## Precalculus (6th Edition) Blitzer

For the point $\left( -3,-1 \right)$, the equation is $y+1=1\left( x+3 \right)$ and for the point $\left( 2,4 \right)$, the equation is $y-4=1\left( x-2 \right)$. The slope-intercept form of the line is $y=x+2$.

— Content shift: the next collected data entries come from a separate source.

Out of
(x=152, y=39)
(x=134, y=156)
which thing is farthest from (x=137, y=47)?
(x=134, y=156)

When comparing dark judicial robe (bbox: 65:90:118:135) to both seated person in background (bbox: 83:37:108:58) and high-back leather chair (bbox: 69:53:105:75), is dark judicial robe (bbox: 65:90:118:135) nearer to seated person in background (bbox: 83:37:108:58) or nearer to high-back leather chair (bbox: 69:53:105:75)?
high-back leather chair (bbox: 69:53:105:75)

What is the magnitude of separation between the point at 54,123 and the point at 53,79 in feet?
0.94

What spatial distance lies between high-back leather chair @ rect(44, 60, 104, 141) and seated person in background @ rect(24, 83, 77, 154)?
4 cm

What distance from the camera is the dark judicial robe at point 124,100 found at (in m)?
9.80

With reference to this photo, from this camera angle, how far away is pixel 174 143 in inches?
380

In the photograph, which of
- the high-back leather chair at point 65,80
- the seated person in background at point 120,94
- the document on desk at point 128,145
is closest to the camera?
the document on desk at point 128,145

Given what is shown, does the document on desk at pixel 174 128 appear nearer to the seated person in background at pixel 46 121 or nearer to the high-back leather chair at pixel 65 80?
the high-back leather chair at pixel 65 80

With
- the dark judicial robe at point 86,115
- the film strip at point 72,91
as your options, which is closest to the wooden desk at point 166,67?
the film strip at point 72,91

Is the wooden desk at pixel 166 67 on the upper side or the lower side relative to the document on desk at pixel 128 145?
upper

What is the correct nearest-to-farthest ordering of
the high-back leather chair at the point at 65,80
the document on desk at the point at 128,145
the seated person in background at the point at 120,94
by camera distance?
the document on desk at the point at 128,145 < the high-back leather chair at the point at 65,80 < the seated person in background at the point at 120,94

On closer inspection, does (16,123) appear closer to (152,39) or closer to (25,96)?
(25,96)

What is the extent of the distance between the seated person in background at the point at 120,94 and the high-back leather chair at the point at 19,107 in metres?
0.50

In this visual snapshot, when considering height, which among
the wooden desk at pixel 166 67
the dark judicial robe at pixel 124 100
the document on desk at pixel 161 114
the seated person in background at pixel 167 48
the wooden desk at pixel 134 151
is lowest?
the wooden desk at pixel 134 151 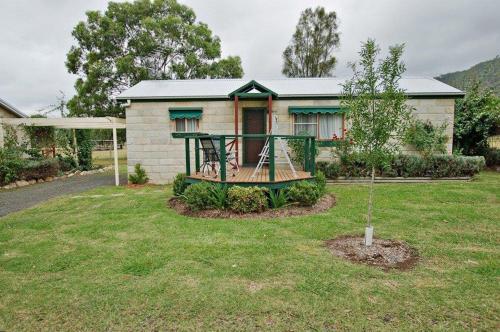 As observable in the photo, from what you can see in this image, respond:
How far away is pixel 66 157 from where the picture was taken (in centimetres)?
1406

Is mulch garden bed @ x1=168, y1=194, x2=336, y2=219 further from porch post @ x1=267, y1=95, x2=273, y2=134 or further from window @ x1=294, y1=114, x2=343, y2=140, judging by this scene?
window @ x1=294, y1=114, x2=343, y2=140

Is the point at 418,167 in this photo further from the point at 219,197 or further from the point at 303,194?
the point at 219,197

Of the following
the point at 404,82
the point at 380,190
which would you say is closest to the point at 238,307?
the point at 380,190

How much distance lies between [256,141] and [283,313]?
792 centimetres

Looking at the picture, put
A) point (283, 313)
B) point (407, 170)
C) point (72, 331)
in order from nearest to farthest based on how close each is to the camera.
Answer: point (72, 331) < point (283, 313) < point (407, 170)

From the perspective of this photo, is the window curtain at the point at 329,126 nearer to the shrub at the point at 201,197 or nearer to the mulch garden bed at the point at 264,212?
the mulch garden bed at the point at 264,212

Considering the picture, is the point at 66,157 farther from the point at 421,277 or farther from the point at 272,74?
the point at 272,74

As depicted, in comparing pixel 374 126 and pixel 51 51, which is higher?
pixel 51 51

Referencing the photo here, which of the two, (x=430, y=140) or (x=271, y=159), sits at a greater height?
(x=430, y=140)

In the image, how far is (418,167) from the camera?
9266 millimetres

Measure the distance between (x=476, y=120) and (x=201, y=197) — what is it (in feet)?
38.7

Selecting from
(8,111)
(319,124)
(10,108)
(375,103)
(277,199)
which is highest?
(10,108)

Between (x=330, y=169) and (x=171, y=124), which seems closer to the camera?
(x=330, y=169)

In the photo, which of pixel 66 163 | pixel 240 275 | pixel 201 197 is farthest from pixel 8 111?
pixel 240 275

We have $\left( {{x}_{1}},{{y}_{1}} \right)$ and $\left( {{x}_{2}},{{y}_{2}} \right)$ as the points where the line passes. Here, these points are $\left( -3,-1 \right)$ and $\left( 2,4 \right)$. Hence, the slope of the line will be $m=\frac{4-\left( -1 \right)}{2-\left( -3 \right)}=\frac{5}{5}=1$. Thus, the slope of the line will be $1.$ The equation of the line in point-slope form will be calculated using the form $\left( y-{{y}_{1}} \right)=m\left( x-{{x}_{1}} \right)$ ………………………………………..….. (2) As there are two points through which the line passes, so there will be two equations of the line in point-slope form using equation (2). For the point $\left( -3,-1 \right)$, the equation will be $y+1=1\left( x+3 \right)$ ………………………………………..…… (3) For the point $\left( 2,4 \right)$, the equation will be $y-4=1\left( x-2 \right)$ ………………………………………..……. (4) The slope-intercept form can be concluded by simplifying either equation (3) or (4); we will get \begin{align} & y+1=1\left( x+3 \right) \\ & y+1-1=x+3-1 \\ & y=x+2 \end{align} Thus, the slope-intercept form of the line will be $y=x+2$.